Re: Moneymen weave new port-rail vision – May 27, 2008
Author: Little Lake Listener
Date: 05-28-2008 - 15:08
If a private lessee does the work using private money from Goldman Sachs, then there is no requirement for a environmental review. Similarly, if a private railroad carrier decides to build a private port facility which it will operate under Interstate Commerce Act authority – no environmental review is required. All of which is of no assurance that ocean carriers and port authorities would use the facility if built. Nevertheless, in principal, they could start work Monday. Unlike the accounts of a new railroad over Buckhorn Summit, the NWP project does not constitute either entry into a new market or new construction.
Even if there were non-fraudulent substance to the reports regarding the so-called “Pacific Rim Railroad” (which there is none), an environmental review under NEPA would take a decade – or longer – to complete. By way of comparison, the first administrative notice of the proposed extension of an existing railroad (the Dakota, Minnesota and Eastern) was published in the Federal Register on May 7, 1998, at 63 FR 25266-68 – ten years ago – and the first foot of new track is yet to have been built! And that is a proposal by an existing and credible railroad which proposes to traverse neither any “wild and scenic” mountains nor little sensitive habitat. Then comes the realization that the time and dollars were all for naught because the construction costs, including mitigation costs imposed by the STB, are ten-fold higher than the costs to restore the NWP.
Additionally, one (but not the only) important utility determinant is the distance between the port and the first transcontinental consolidation point at which the port traffic would join (or leave) mainline flows and not the length of the NWP line or the Coos Bay branch. For traffic to and from Eureka (actually, Samoa), that point is Roseville (Sacramento) – a distance of about 370 miles.

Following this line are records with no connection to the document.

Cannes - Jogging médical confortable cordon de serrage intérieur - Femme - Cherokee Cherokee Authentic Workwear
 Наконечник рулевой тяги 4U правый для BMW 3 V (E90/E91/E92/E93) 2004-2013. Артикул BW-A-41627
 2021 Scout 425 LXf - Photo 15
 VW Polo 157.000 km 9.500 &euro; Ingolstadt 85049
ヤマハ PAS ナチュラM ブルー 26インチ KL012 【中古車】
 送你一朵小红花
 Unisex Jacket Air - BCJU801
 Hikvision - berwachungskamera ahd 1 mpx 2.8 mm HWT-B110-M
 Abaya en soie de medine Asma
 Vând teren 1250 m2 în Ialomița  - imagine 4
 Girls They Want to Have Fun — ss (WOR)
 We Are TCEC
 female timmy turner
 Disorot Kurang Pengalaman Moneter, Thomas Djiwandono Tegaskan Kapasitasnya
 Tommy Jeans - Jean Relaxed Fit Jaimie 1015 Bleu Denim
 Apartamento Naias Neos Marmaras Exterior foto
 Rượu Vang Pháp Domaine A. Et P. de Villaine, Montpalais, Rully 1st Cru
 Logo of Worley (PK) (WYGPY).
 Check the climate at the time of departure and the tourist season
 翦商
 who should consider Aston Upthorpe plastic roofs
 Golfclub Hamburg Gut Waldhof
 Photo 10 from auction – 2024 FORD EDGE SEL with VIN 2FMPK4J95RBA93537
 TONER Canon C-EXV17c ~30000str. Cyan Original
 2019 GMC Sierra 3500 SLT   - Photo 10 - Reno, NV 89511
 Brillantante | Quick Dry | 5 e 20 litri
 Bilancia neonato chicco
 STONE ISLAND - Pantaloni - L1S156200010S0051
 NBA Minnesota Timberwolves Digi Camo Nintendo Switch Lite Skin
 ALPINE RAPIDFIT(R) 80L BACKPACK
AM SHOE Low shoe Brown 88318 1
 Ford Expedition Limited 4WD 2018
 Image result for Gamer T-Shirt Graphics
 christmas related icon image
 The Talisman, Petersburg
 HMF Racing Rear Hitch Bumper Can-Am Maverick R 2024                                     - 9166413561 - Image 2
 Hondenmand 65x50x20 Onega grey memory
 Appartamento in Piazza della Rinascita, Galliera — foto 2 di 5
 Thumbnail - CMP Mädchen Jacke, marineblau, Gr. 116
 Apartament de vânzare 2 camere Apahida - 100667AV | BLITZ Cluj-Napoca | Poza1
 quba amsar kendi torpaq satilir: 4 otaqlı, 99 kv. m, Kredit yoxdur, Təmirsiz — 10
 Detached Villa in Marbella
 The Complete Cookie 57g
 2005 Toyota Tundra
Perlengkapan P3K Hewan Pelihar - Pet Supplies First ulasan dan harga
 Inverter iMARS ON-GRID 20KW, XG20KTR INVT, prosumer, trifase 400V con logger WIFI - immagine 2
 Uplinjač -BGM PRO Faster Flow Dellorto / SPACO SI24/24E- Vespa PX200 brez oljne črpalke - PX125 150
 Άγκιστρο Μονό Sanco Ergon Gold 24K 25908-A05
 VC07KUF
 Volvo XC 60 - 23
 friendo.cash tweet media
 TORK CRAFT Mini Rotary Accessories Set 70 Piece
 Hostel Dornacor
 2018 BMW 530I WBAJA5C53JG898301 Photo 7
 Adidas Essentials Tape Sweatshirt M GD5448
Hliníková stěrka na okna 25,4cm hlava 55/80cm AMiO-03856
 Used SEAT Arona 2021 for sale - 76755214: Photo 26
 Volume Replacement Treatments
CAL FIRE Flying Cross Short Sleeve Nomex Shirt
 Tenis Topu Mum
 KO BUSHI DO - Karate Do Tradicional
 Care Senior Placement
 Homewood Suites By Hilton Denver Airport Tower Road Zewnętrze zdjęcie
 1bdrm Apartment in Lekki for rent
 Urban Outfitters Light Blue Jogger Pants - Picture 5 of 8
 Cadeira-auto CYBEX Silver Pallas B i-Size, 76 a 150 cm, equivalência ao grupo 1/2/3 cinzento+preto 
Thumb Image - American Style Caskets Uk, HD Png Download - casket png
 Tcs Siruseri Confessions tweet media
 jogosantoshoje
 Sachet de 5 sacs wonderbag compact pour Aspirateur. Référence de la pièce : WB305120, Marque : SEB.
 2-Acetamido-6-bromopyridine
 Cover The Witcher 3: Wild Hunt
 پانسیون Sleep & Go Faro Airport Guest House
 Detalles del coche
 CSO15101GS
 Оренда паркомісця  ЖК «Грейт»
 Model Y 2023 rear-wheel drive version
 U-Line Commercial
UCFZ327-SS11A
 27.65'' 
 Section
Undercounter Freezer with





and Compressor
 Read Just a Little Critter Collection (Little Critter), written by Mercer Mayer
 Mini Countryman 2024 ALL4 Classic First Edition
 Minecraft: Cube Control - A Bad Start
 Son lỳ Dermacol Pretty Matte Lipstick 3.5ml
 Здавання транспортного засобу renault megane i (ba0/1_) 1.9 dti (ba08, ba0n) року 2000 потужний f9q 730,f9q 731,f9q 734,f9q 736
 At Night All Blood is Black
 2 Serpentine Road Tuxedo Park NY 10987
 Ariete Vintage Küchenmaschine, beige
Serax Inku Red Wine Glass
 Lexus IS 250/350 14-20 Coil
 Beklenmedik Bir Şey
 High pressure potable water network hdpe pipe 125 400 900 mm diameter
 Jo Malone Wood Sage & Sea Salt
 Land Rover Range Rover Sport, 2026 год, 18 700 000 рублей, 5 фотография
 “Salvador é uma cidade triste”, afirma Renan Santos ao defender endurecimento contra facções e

For traffic to and from Coos Bay those points are Pasco, WA, and Roseville, CA – distances of 476 and 509 miles, respectively.
Finally, there are growing economic pressures for bulk commodity capacity. Increasingly, coal trains have to go to Roberts Bank in British Columbia. Much of North America’s capacity for bulk commodities such as potash, sulfur, scrap metal and the like is found in Canada or along our Gulf Coast. Containers may not be the only opportunity for investors in Eureka.
There are ample reasons for private investors to look to Eureka. Only time will tell if there are ample reasons to act.